Since component 1 and component 2 make the highest contributions to the variance in the data, and manufacturing seems to have the highest influence on component 1 and days of precipitation have the highest influence on component 2, we are led to believe that these two variables may hold the highest importance in explaining the variance in the data, and by extension could have important contributions to air pollution. In a future section, we will also use all of the principal components in a multiple linear regression model to see what contributions they make when air pollution is explicitly assumed to be an outcome variable.

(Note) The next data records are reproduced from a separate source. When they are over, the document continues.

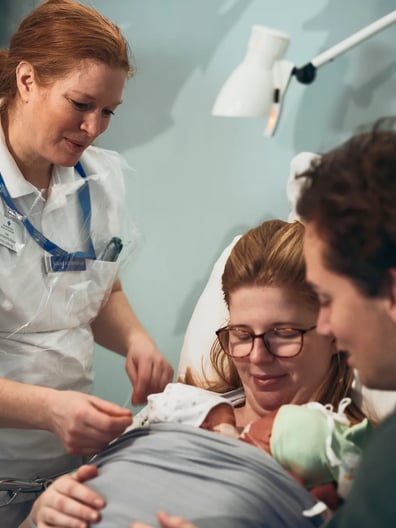 En sjuksköterska tar hand om en nybliven mamma.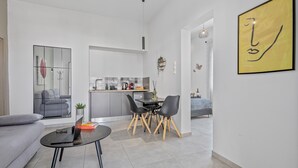 Ein modernes Wohnzimmer mit grauem Sofa, einem Esstisch mit vier Stühlen, einer Küchenzeile und einem großen, gelben Kunstwerk an der Wand.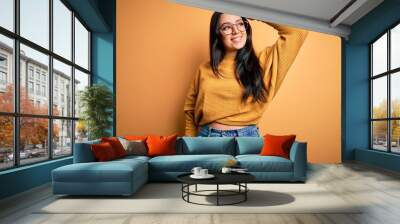 Young brunette woman wearing glasses and casual sweater over yellow isolated background smiling confident touching hair with hand up gesture, posing attractive and fashionable Wall mural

## Ranking of cities with principle component scores

```{r}
#ranking of cities via PCs
pc_scores = vector()
for (i in 1:37) {pc_scores[i] = sum(PCA$scores[i, ])}
order(pc_scores, decreasing=TRUE)

city_names = rownames(PCA$scores)
rankings = data.frame(City = city_names, PC_Score = pc_scores)
rankings = rankings[order(-rankings$PC_Score, decreasing=TRUE), ]
rankings
```
Cities are ranked in descending order according to their principal component (PC) ranking in the results. The PC scores are calculated as the sum of each city's PC scores. A higher PC score indicates that a city such as Minneapolis and Milwaukee has higher values on the variables that contribute most to the principal components, and have higher levels of the variables associated with air pollution (such as SO2, manufacturing, population, etc). The lower-ranked cities such as Miami and Phoenix have lower scores, indicating they have lower levels of the variables associated with air pollution.


## Multiple linear regression with principal components

The last analysis we will perform is with the use of our principal components in a multiple linear regression model. Everitt and Hothorn (2011) suggest that the use of principal components is advantageous over a direct fitting of the model to the underlying data, because the components are mathematically independent in a way which the raw data does not guarantee (and indeed, a number of the raw variables are correlated with each other). They further suggest that MLR be fitted to all principal components, instead of the subset of selected components, because some of the discarded components may have an unexpected significant contribution to the model. Additionally, the nature of linear regression should assign components with no real contribution very low coefficients.

```{r,echo=FALSE}
MLR = lm(data$SO2 ~ PCA$scores)
summary(MLR)
par(mfrow=c(2,2))
plot(MLR)
```

After fitting the model, we see that components two, four, and five are our most significant variables. This is inferred from the low p-values of 0.0032, 0.0462, and 0.0126 respectively. Turning to our model’s diagnostic plots we see that the residuals are reasonably randomized and the QQ-Norm plot shows a close fit. 

Further looking into these components starting with the most significant: two has highest weights in days of precipitation and negative temperature; four’s largest weight is with the feature wind; and five has height weights in manufacturing and population. This model seems to suggest that days of precipitation, followed by negative temperatures, are most important predictors of air pollution, with increasing values tracking with worse pollution values. However, this model has a somewhat weak R-squared value of 0.4254, suggesting that these components may not  linearly track particularly well with air pollution overall.